With all the injuries, moving apartments, crazy heat waves and other life-craziness,
A Book of Hors d'Oeuvres and I took a little hiatus from each other. However, the weather has already begun to cool down - although my heart will not let me totally admit that it is already happening - and my stomach has begun to agree to let me put more than gazpacho and Mexican beer in it. Which brings us back, as ever, to where we started: more cream cheese.

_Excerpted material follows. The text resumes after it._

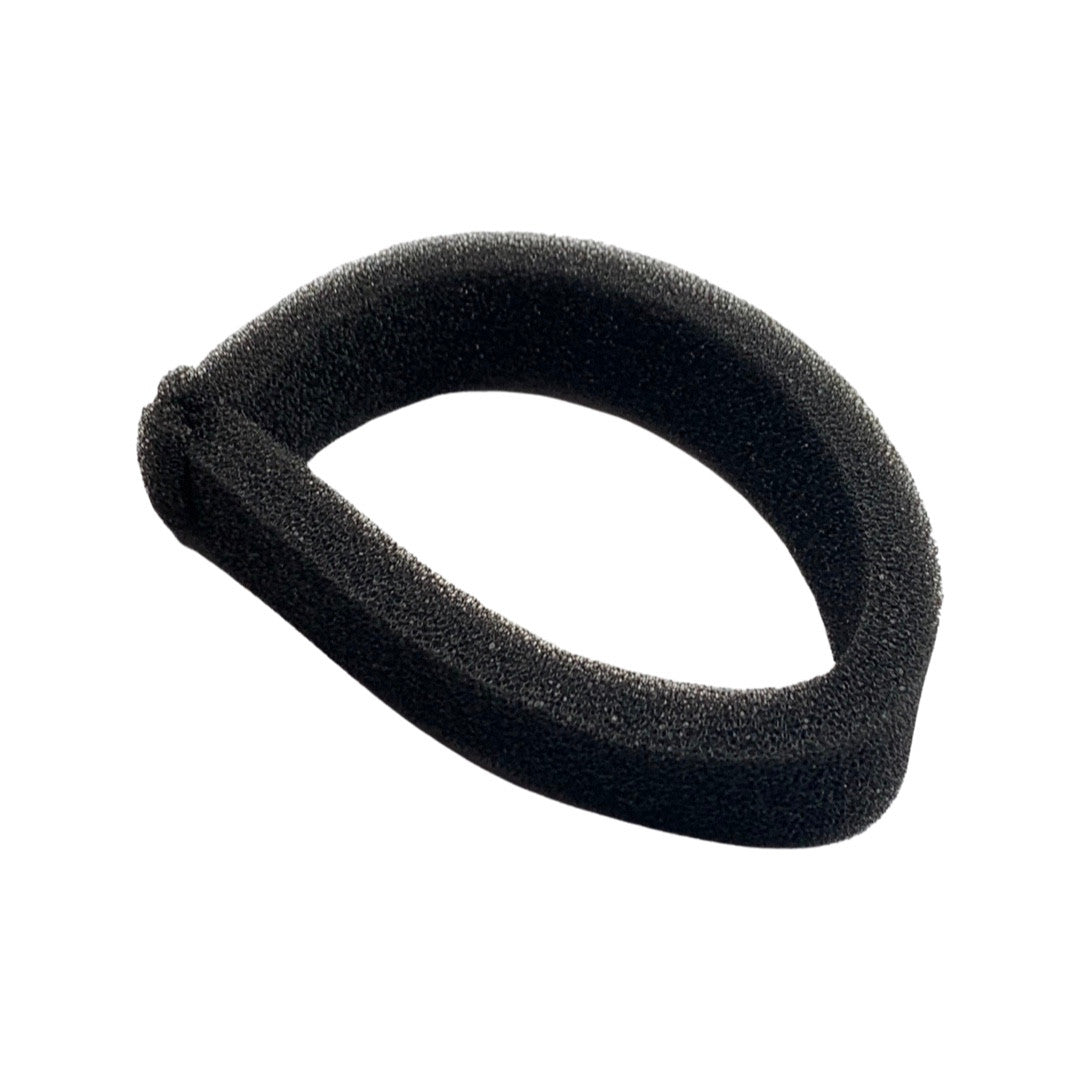 1309026 - Genuine Replacement Motor Filter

The recipe for Cheesehill Wafers does something that most of my favorite recipes in this book do. It gives you an idiotic amount of creative license. The first instruction is "season cream cheese". At first, that means salt and pepper. But then, it could also mean lemon zest. And, if you are me, which is a condition that generally lends itself to
ingredient enthusiasm, it also means
pimentón, cayenne and chives.
This creates a happy accident. It tinges your cream cheese just slightly pinky-orange, in a way that makes this ingredient-happy Labrador quite nostalgic for
EZ-Cheese. Yeah, you guys. Fancy EZ-Cheese. That is what we're talking about here. This also forms a mildly Spanish, lemony, velvet pillow for half an olive to ride on its way into your mouth.

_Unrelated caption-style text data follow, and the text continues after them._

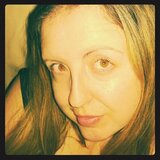 Blanda from Harrison | Woman | 28 years old | Gemini
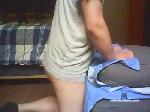 frenshyy52 cam4 livecam show performer room profile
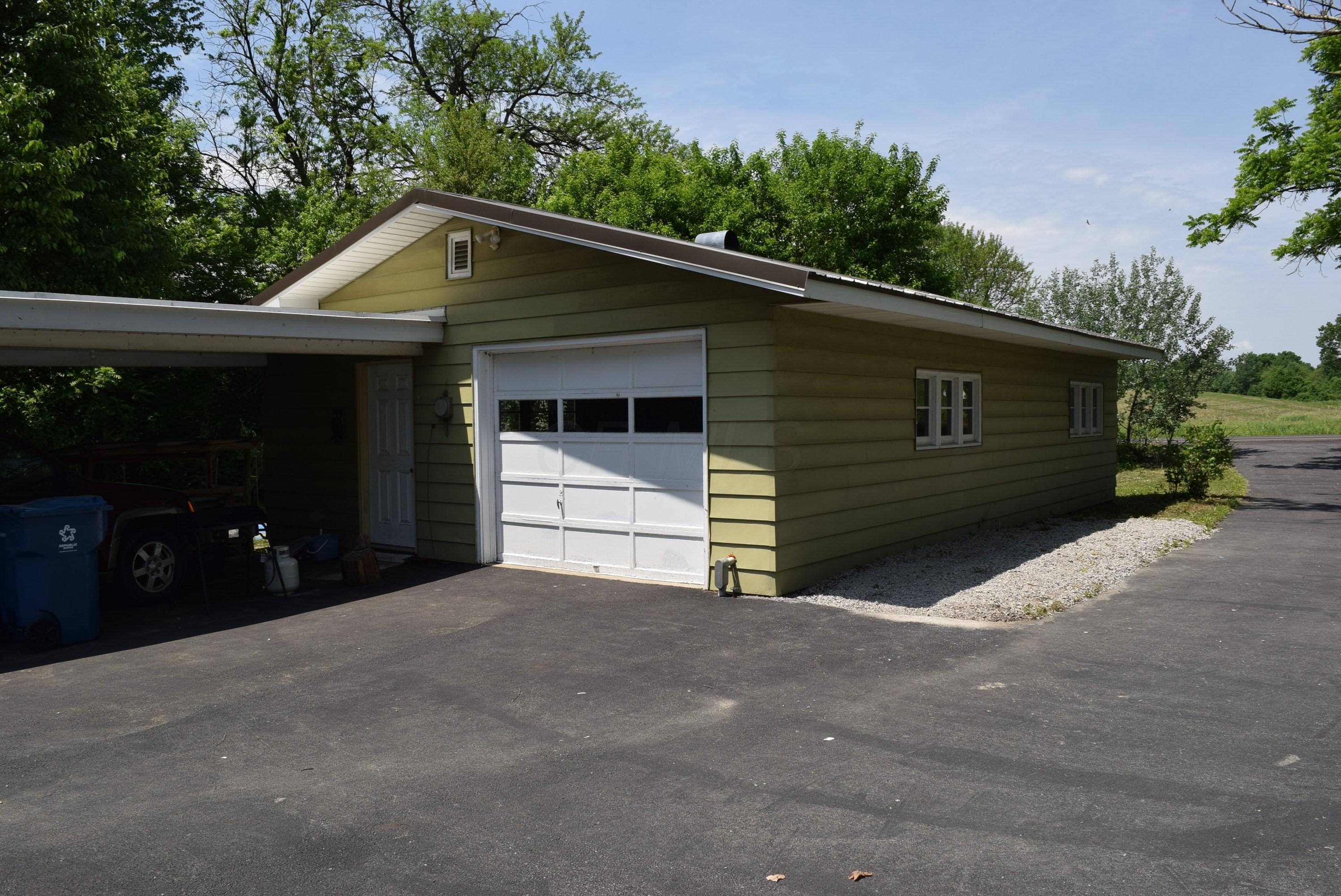 2859 State Rte 37 West Delaware, OH 43015 - Photo 8 of 51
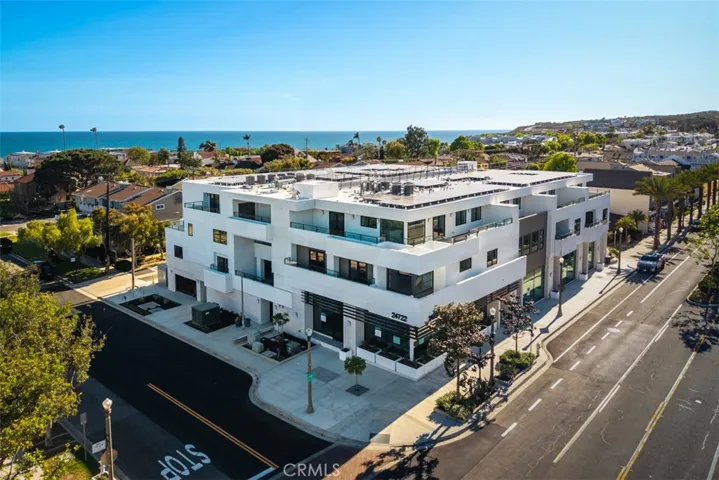 24722 Del Prado 403, Dana Point, California 92629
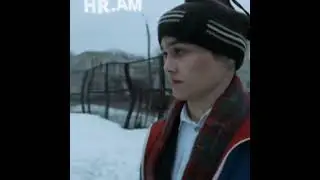 Залетит по сп?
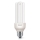 Energiesparlampe Philips E27/14W/230V 6500K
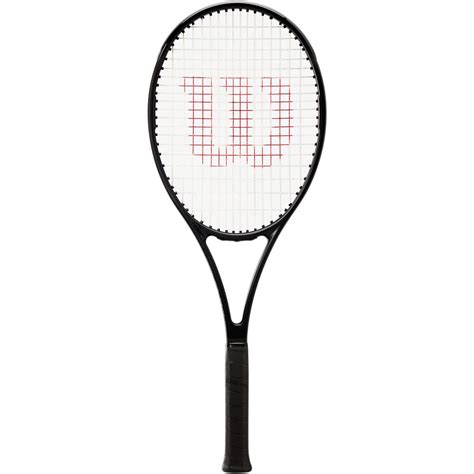 Maxbolt Navigator II Badminton Racket - TriplePointSports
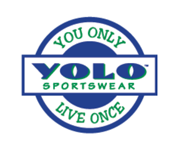 Yolo Sportswear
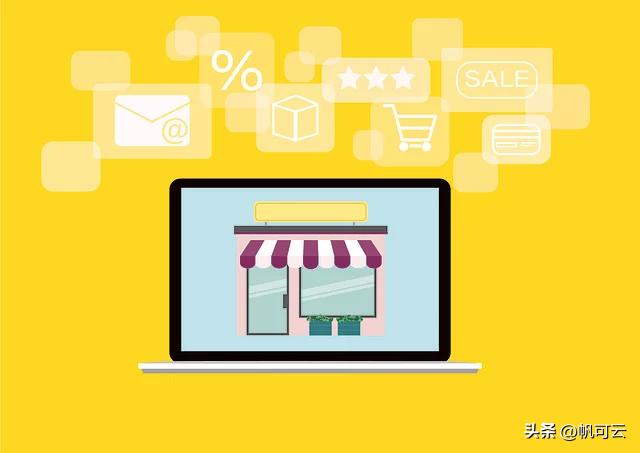 如何自己制作微信小程序商城,上饶微信小程序商城开发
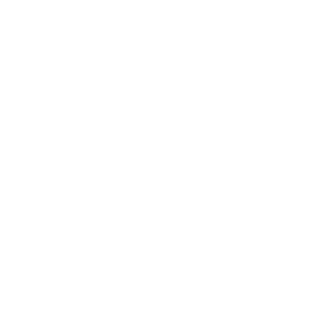 U-tec Ultraloq Smart Lock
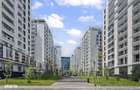 Vanzare 3 camere One Cotroceni Park - 12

Welcome back, cream cheese. You look pretty fly after summer vacation.
Cheesehill Wafers
Season cream cheese, moisten slightly with cream
* and force through pastry bag and star tube on round, thin wafers. Press half of a small pimiento-stuffed olive into the center of each mound of cheese. One may vary this wafer by using a small round of watermelon pickle instead of the olive.
*I used buttermilk instead of cream, because that is a thing I often do.